**WHAT IS EXPECTED:**
Repeat the lines below exactly as they appear, but leave out the images.

**GIVEN DATA:**
····················

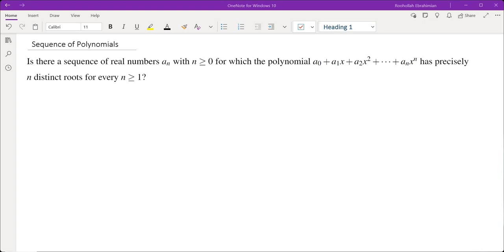In this video we're going to go over a problem on sequences of polynomials. Is there a sequence of real numbers aₙ for which the polynomial a₀ + a₁x + a₂x² + ... + aₙxⁿ has precisely n distinct roots for every n greater than or equal to one?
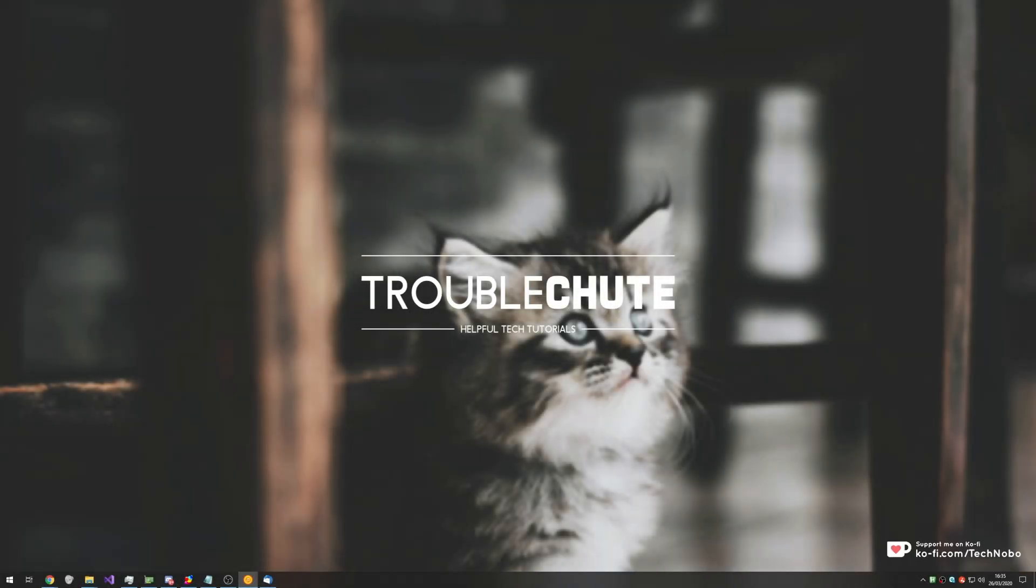What's up guys, my name is Technobo here for Troubleshoot and today I've got a super simple answer to a super simple question on how exactly I have a semi-transparent taskbar.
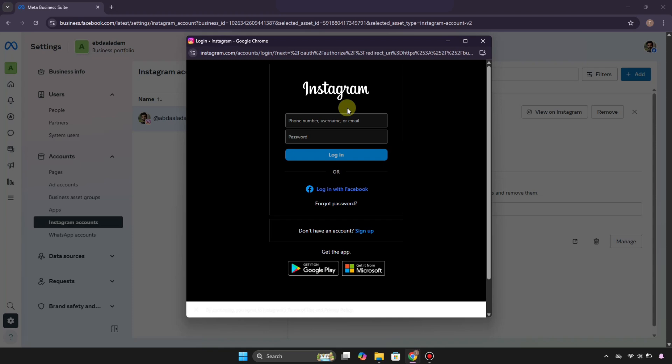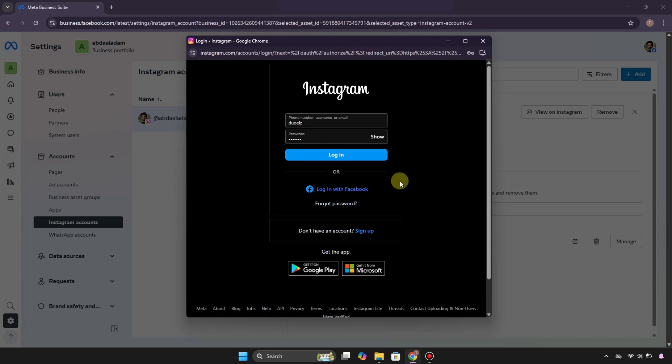Just keep in mind that you enter the correct email address or username and password, and then simply log in. After that, it will be added. Once you log in, it will take a while in the loading and buffering, and once it's done...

····················

**EXPECTED OUTPUT:**
In this video we're going to go over a problem on sequences of polynomials. Is there a sequence of real numbers aₙ for which the polynomial a₀ + a₁x + a₂x² + ... + aₙxⁿ has precisely n distinct roots for every n greater than or equal to one?
What's up guys, my name is Technobo here for Troubleshoot and today I've got a super simple answer to a super simple question on how exactly I have a semi-transparent taskbar.
Just keep in mind that you enter the correct email address or username and password, and then simply log in. After that, it will be added. Once you log in, it will take a while in the loading and buffering, and once it's done...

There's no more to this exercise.